Hands on history
KSC students 'touch' the mapping of New Hampshire
By MEGHAN PIERCE
Sunday News Correspondent | April 13. 2013 8:56PM
But now Rodney Obien, archivist at Keene State College's Wallace E. Mason Library, said he wants to demystify that work and give students more skills by using original documents.
"It's not always sexy like (the movies and books), but it's still thrilling and fun," he said.
For the next several Fridays, a group of students in an intern/independent study course are transcribing Joseph Blanchard's 18th century surveyor ledger as part of the history department's efforts to give history students more hands-on experience and skills in the field.
"It gives them experience that they can take to any job market," said Margaret Orelup, chairman of the Keene State College History Department. "Primary sources are where you can really learn to work through a question, look at different kinds of evidence and form your own interpretation."
The project provides students a close look at 18th century property ownership, as well as the border dispute between New Hampshire and Massachusetts, Orelup said.
In 1984, the college came into possession of the Blanchard ledger, which documents the story of how Southwestern New Hampshire was settled.
But because of its condition, it has had limited availability to the public, Obien said.
Through a modest Moose Plate Grant, the binding of the document is being restored and strengthened so that it may last another 200 to 300 years. The college plans to make it more available to the public under archive staff supervision.

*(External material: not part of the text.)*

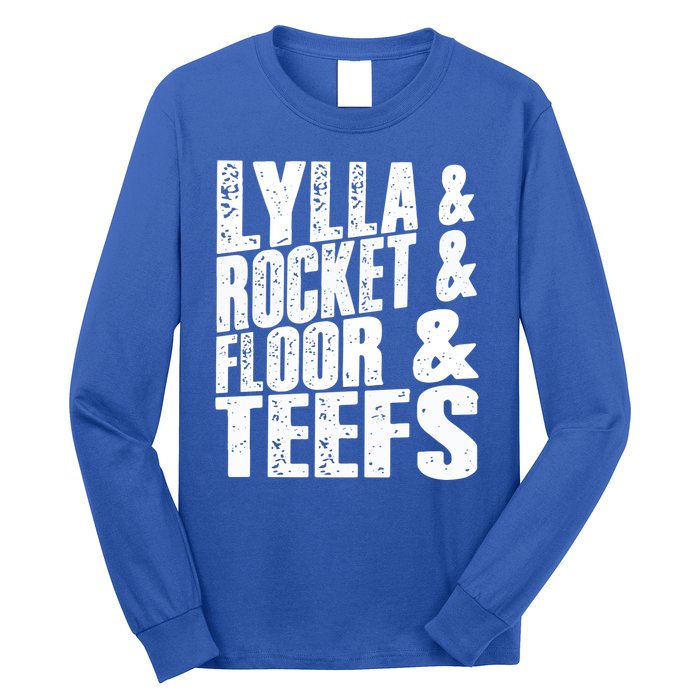 Lylla And Rocket And Floor And Teefs Funny Long Sleeve Shirt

As part of this project, the college also plans to digitize the ledger so that it can be viewed by the public online, Obien said.
Students are working with digital copies of the ledger while it is being restored, but they did get a chance to flip through the original, Obien said.
"The purpose of this internship and project is to give them some real world experience working with real historical documents. They do not always have an opportunity to work with primary source documents. That's kind of the big thing here at Keene State right now - bringing in these primary source documents and letting people see and touch them," Obien said.
"The hope is, paired with the digitized document, people will have this typed script, which will be helpful, particularly for people whose eyes aren't trained to 18th century script."
The interns, who range in age from 21 to 24, said 18th century cursive is so different (from modern cursive) that they had to study it first before diving into the old text.
Even after learning the antique cursive, there are abbreviations and different ways of spelling words that often stump the group.
"Reading Blanchard's diary and trying to figure out what the heck was he doing . and why he would abbreviate everything for nine or 10 pages then start to write everything out.
"You get to really know the person, and find history is not such an abstract thing," Obien said.
Alanna Griffin-Bales said Blanchard wasn't a consistent speller.
For example, he spelled Monadnock both Manadnack and Menadnock. Blanchard also had numerous ways of spelling Winnipesaukee.
"Westmoreland was Westmoreland, that was normal," said Kevin McNair.
McNair, a secondary education major specializing in history, said it is very enjoyable to work with the primary source documents, even through it can be frustrating to come across a page of text that seems to be indecipherable scribbling.
"You get this huge chunk that is just foreign. So you take a break and come back to it."
The ledger, started by Joseph Blanchard Sr. then was taken over by his son, Joseph Blanchard Jr., is a record of the granting of towns from the Merrimack River to the Connecticut River and as far north as Newfound Lake.
Blanchard was hired by the Masonian Proprietors, a group of wealthy Portsmouth merchants who bought the land grants from a descendant of John Mason, who originally held the title to the land.
The merchants, withBlanchard acting as their agent, granted land to people who agreed to settled towns, build roads, clear forests and farm. The settlers were also required to build a church and hire a minister.
These are living documents that are still of great interest to today's land surveyors, Obien said.
The ledger also contains records of the people who lived in the towns, how much land they held and even the size of their houses, so the ledger is also of interest to genealogists.